The cop, on finding out that she has nowhere else to go, decides to take her home and put her up at his house for the night. However, in a shining example of HusbandDickery, he doesn’t bother to wake his wife and tell her that he has given couchspace to a hideously-deformed, but scantily-clad woman-child – (and this the day after he’s tried to force his wife into rough anal sex while remembering his first glimpse of Jenifer – bound and bent over an old oildrum, a machete raised above her head ) – so that when the girl appears in their bedroom the next morning she scares the life out of both his wife and his teenage son – who recovers his wits quickly enough to note “hot body!”.
When his wife insists on getting rid of Jenifer, the cop drives her out to the wilderness (like he’s getting rid of a stray dog ) but can’t seem to let her go. Jenifer – obviously fixated on the cop – starts nuzzling up to him in the car and before long they’re fucking on the front seat – roughly, animalistically. It’s all wrong – not because she’s deformed, but because she seems so childlike – and like an animal at the same time – she’s sexually aggressive, but like a dog in heat.
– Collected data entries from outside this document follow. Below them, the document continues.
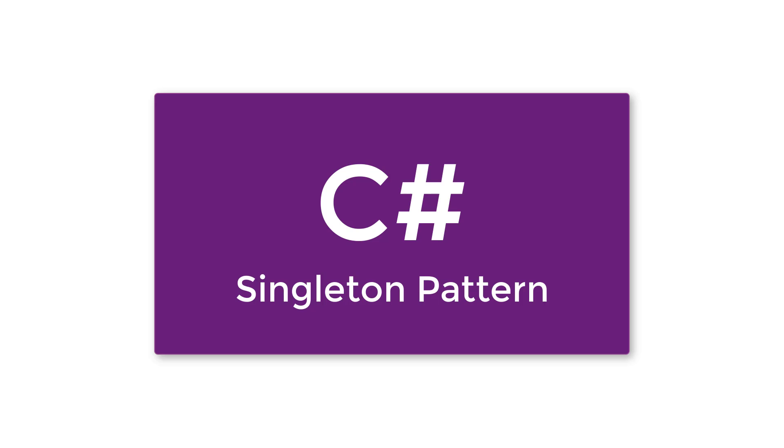Hello guys, welcome to the singleton pattern implementation in C#. Today I'm going to teach you about this pattern.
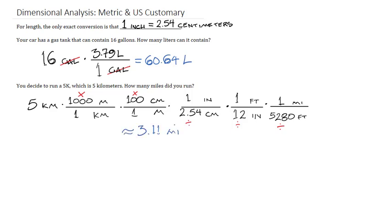And so with length units, you can convert any length unit to any other, as long as you remember that basic unit, which is that one inch is 2.54 centimeters.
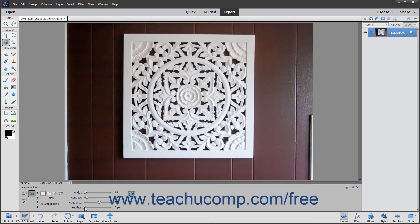If using a stylus tablet, you can click the Use Tablet Pressure to Change Pen Width button in the Tool Options bar to toggle this feature on and off. If enabled, the button appears selected with a light gray shading and a square around it. An increase in pen pressure when using the Magnetic Lasso Tool causes the edge width setting to decrease. To turn it off, simply click the same button again.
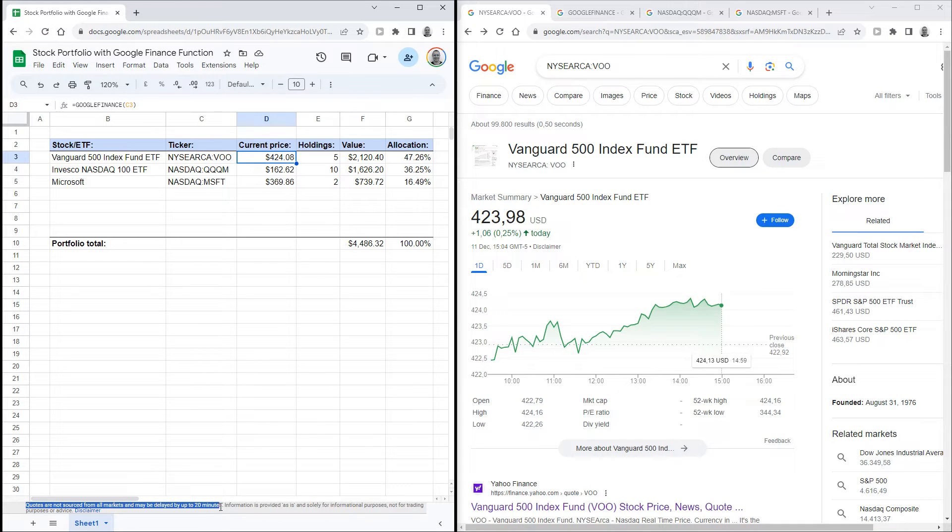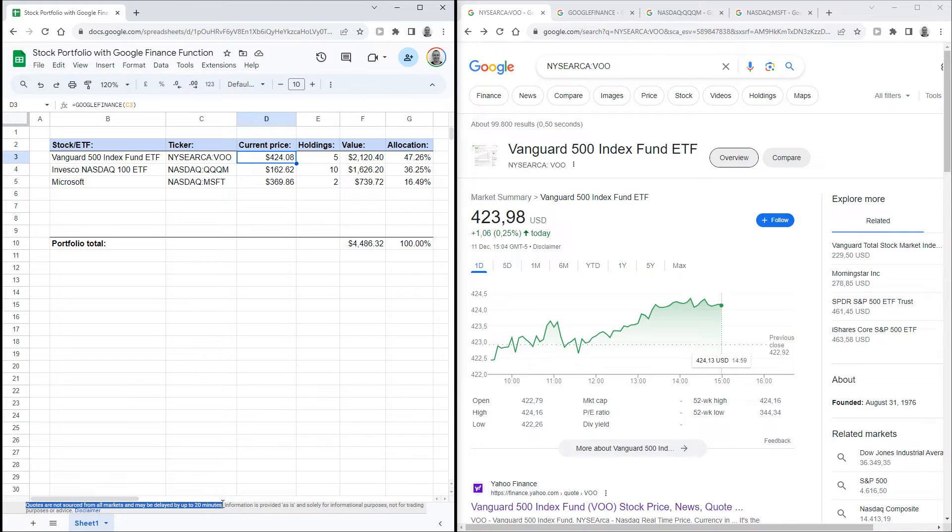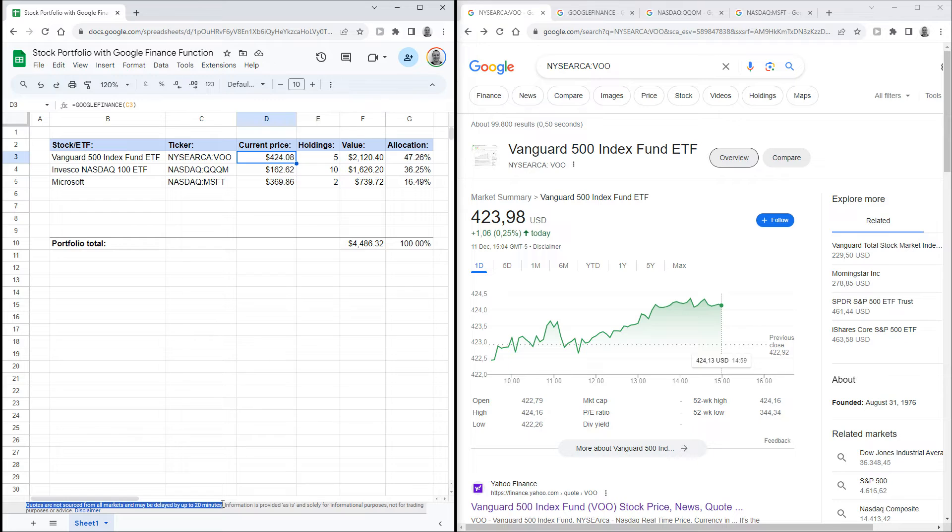I'm not exactly sure how often the prices update, and if it's even in a regular interval. But it has already updated a few times while I've had the sheet open, so it looks to be every few minutes or so. It's never really far off from the actual live data, so it's good enough for the purposes of just tracking the value of your portfolio.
The cop (continuing the HusbandDickery ) brings Jennifer back (‘hey, she can’t speak, how’s she gonna tell anyone…’) and while he and his wife argue, Jenifer runs upstairs to the bathroom – from where some strange sounds soon start to emanate. They rush upstairs and find Jenifer crouched over the eviscerated body of their cat, filling her mouth with its guts.
This, unsurprisingly, is the last straw for his wife, who leaves, taking the son with her. The cop, momentarily wondering what he has got himself into, soon has his mind taken off this by having some more rampant sex with Jenifer.
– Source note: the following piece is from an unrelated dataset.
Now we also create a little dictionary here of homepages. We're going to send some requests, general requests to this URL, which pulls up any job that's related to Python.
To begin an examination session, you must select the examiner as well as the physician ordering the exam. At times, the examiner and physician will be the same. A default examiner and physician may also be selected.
You can kind of see where this is heading, and it doesn’t surprise you when we find a replay of the opening scene at the end, but the tone of the film – with its deep black humour and strange, dreamlike feel - the cop seems intoxicated long before he starts on the brown paper bag – really reminded me of Argento’s section of ‘Two Evil Eyes’, ‘The Black Cat’, which is another tight little piece (again an adaptation.)
Of course, lots of Jenifer is quite hokey - and in this it maybe shows its comic book roots – there’s a freak show in town, for example (do they still have freak shows? ) and the cop ends up getting a job as a handyman in a local store (which is a job a hobo in the 30s might get ) - but then Argento’s never exactly been one for a gritty realism – and the story (rather than the plot ) is what he’s interested in.
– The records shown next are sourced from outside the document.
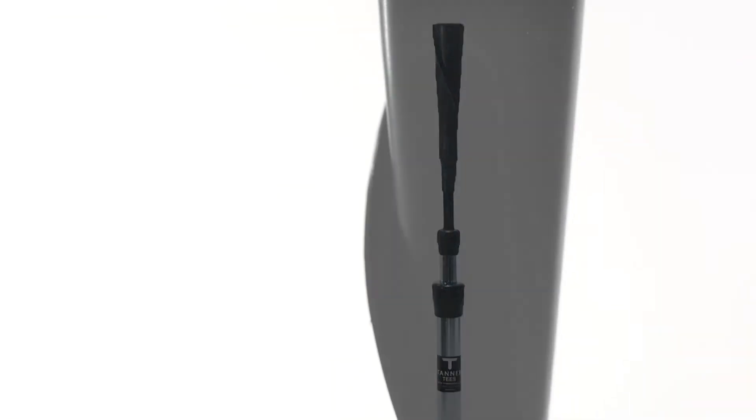Our signature rubber roll top combines strength with flexibility, giving hitters confidence to swing hard through contact.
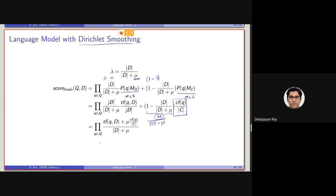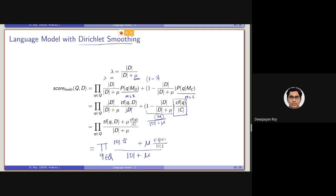Another way it is written — I hope you will be able to understand this. The denominator is kept the same. This part we write in terms of q divided by — let's actually extend it. And for this part, what we can write is basically d into tf(q, d) divided by d. It will cancel each other — the length of d. Now, this can be written with the denominator being the same: length of d plus mu.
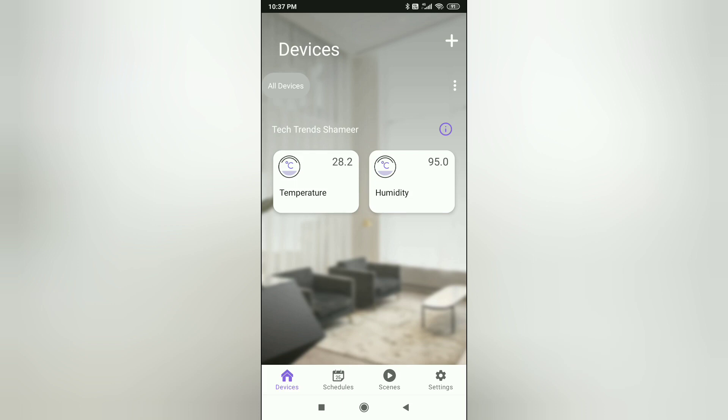Now here we can see the output. We can see two widgets. One for Temperature and another one for Humidity.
The film is tightly shot, with some great makeup effects, and it never drags. Some people have complained it’s not scary, but then I never think horror films have to be – they can be, but a lot of horror films I see work because they’re horrifying rather than scary. And Jenifer is horrible because of what is says about male desire and the link between sex and horror – and because it doesn’t explain everything away.
Apparently, there were couple of
deleted scenes (which caused John Landis to
freak out) which show how far Argento’s prepared to go with his imagery and I think it’s a shame they weren’t included – not out of a gratuitous gore-thirst, but because I think they would have really pushed home the monstrous sexual element of the story.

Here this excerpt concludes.